Neoadjuvant chemo-radiotherapy combined with immune checkpoint inhibitors: A case report of rectal small-cell undifferentiated carcinoma achieved pathological complete response

Medicine (Baltimore). 2024 Nov 15;103(46):e40368. doi: 10.1097/MD.0000000000040368.

Abstract

Rationale: Small-cell undifferentiated carcinoma (SmCC), as an aggressive malignancy, are most commonly arising in lung. Extrapulmonary SmCC is rare. It was reported that SmCC accounts for only 0.1% to 0.2% of colorectal cancers. Currently, no standard treatment regimen is recommended. Here, we presented a case of SmCC from rectum. The patient achieved pathological complete response (pCR) after surgery, which makes us feel gratified, and we are also eager to share this successful case with more peers to provide more references for clinical decision-making.

Patient concerns: A 32-year-old male patient presented himself to our outpatient clinic with defecation difficulty for more than 1 month in November 2021.

Diagnoses: Colonoscopy revealed a rectal mass 4 cm from the anal margin. Pelvic magnetic resonance imaging revealed a mass in the rectal wall, consistent with the appearance of rectal carcinoma. Cancer cell was found after several biopsies and the immunohistochemistry indicated rectal SmCC.

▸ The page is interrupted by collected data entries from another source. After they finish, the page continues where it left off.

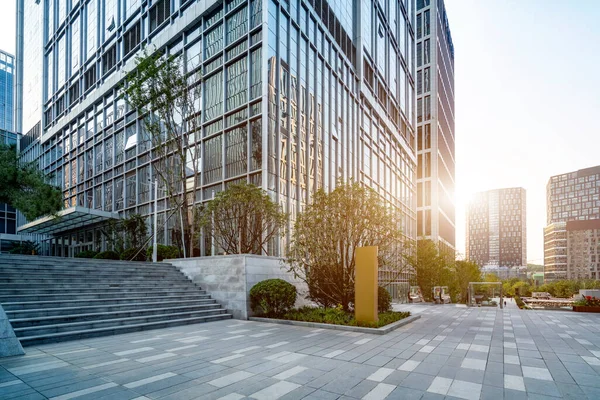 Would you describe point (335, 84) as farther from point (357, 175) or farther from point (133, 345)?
point (133, 345)

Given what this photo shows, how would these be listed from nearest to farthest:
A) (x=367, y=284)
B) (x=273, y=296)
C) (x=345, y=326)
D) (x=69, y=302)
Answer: (x=69, y=302) < (x=345, y=326) < (x=367, y=284) < (x=273, y=296)

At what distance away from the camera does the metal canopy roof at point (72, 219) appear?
98.0ft

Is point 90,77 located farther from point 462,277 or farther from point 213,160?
point 462,277

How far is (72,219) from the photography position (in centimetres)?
3291

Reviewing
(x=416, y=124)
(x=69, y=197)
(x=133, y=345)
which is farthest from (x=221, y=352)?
(x=416, y=124)

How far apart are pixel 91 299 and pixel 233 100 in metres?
17.1

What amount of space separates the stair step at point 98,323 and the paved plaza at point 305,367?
0.75m

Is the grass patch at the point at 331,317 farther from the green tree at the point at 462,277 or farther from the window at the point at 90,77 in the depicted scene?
the window at the point at 90,77

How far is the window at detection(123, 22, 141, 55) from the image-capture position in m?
33.6

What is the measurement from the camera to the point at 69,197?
143 feet

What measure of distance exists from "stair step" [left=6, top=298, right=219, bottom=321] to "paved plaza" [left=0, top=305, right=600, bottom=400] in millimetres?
1641

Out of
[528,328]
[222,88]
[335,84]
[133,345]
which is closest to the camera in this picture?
[133,345]

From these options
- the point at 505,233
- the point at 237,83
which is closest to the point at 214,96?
the point at 237,83

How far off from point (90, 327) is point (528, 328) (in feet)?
46.0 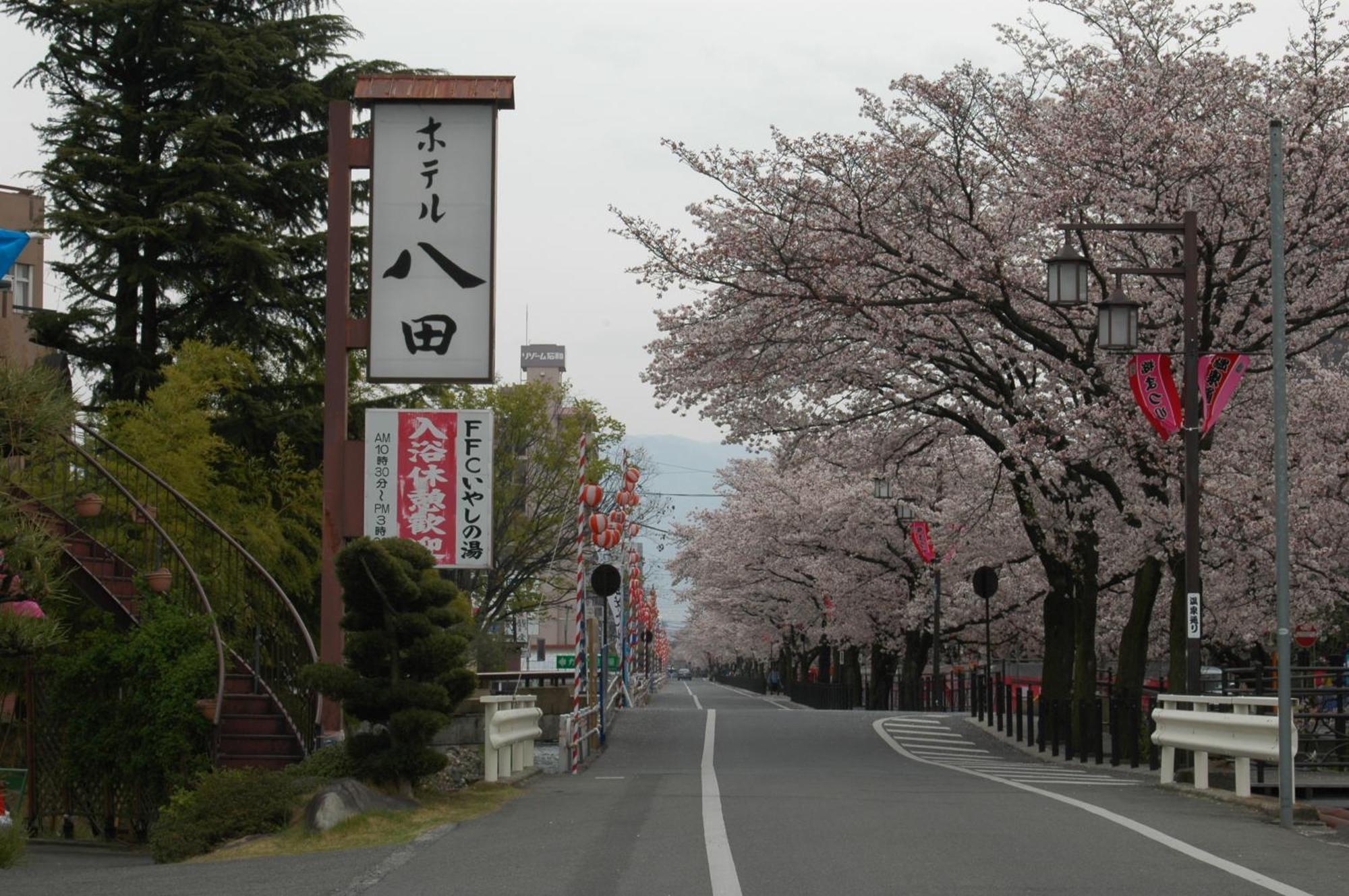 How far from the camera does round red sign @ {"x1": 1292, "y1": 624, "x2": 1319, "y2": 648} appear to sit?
3216cm

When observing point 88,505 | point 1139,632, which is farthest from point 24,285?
point 1139,632

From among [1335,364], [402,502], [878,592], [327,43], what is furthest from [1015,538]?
[402,502]

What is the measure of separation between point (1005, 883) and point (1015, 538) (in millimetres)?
30641

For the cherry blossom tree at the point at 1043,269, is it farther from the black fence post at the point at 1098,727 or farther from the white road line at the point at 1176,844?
the white road line at the point at 1176,844

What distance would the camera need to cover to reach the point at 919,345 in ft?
78.7

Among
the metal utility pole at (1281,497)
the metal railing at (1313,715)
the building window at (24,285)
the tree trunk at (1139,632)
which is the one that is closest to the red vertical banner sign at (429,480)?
the metal utility pole at (1281,497)

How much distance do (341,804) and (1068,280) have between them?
435 inches

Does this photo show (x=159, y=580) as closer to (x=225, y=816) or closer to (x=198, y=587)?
(x=198, y=587)

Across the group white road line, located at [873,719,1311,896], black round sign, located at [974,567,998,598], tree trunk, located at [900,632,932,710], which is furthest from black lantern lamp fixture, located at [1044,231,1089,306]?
tree trunk, located at [900,632,932,710]

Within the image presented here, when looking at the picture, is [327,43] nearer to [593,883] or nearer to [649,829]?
[649,829]

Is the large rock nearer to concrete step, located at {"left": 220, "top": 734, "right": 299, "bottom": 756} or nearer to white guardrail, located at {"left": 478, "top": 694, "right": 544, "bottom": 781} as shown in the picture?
white guardrail, located at {"left": 478, "top": 694, "right": 544, "bottom": 781}

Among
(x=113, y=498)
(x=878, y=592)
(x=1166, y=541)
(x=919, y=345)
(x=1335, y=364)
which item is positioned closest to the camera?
(x=113, y=498)

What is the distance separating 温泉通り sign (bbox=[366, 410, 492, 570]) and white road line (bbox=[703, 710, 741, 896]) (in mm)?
3136

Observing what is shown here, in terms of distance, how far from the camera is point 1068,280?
18.7 meters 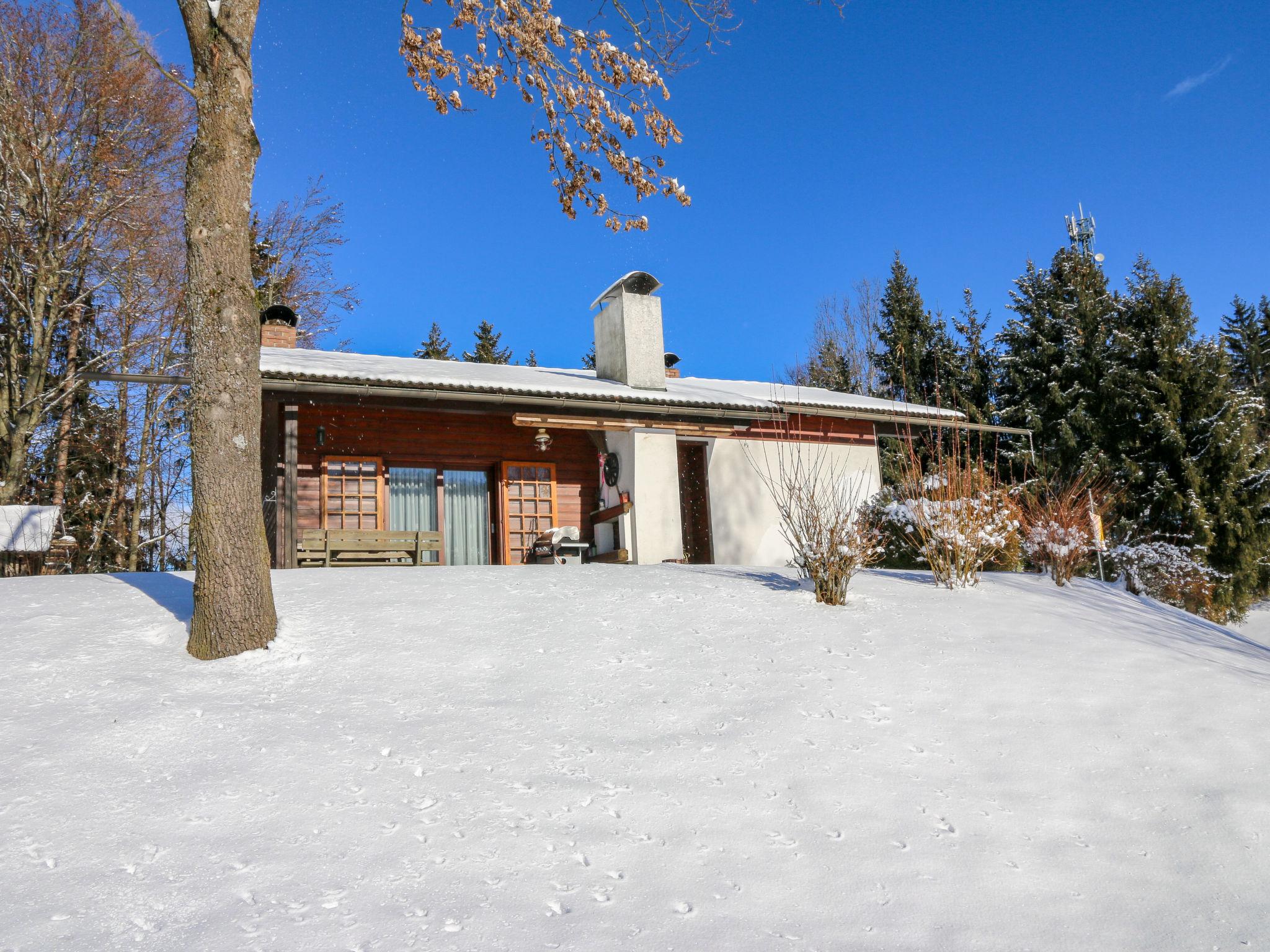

Interventions: Considering that the patient is very young and the malignancy of SmCC is very high, our treatment plan is also very cautious. Many literatures were also searched, but the literature on rectal SmCC is few and the prognosis is poor. Subsequently, we combined the treatment principles of rectal cancer and small cell lung cancer to develop an individualized treatment plan for patients. The patient received neoadjuvant chemoradiotherapy (nCRT) (short-course radiotherapy: 25 Gy/5 fractions, chemotherapy: etoposide + nedaplatin) combined with immune checkpoint inhibitors (ICIs) (tislelizumab). Then, the patient received laparoscopic radical transabdominal resection of rectal carcinoma with a temporary stoma on June 27, 2022.

Outcomes: Postoperative pathology showed that there was chronic inflammation in the rectal mucosa without residual cancer, which meant that the patient achieved pCR after nCRT combined with ICIs. On August 15, 2024, the patient returned to our hospital for review, and no signs of recurrence and metastasis were found. By the time this article is submitted, the patient has survived for more than 35 months.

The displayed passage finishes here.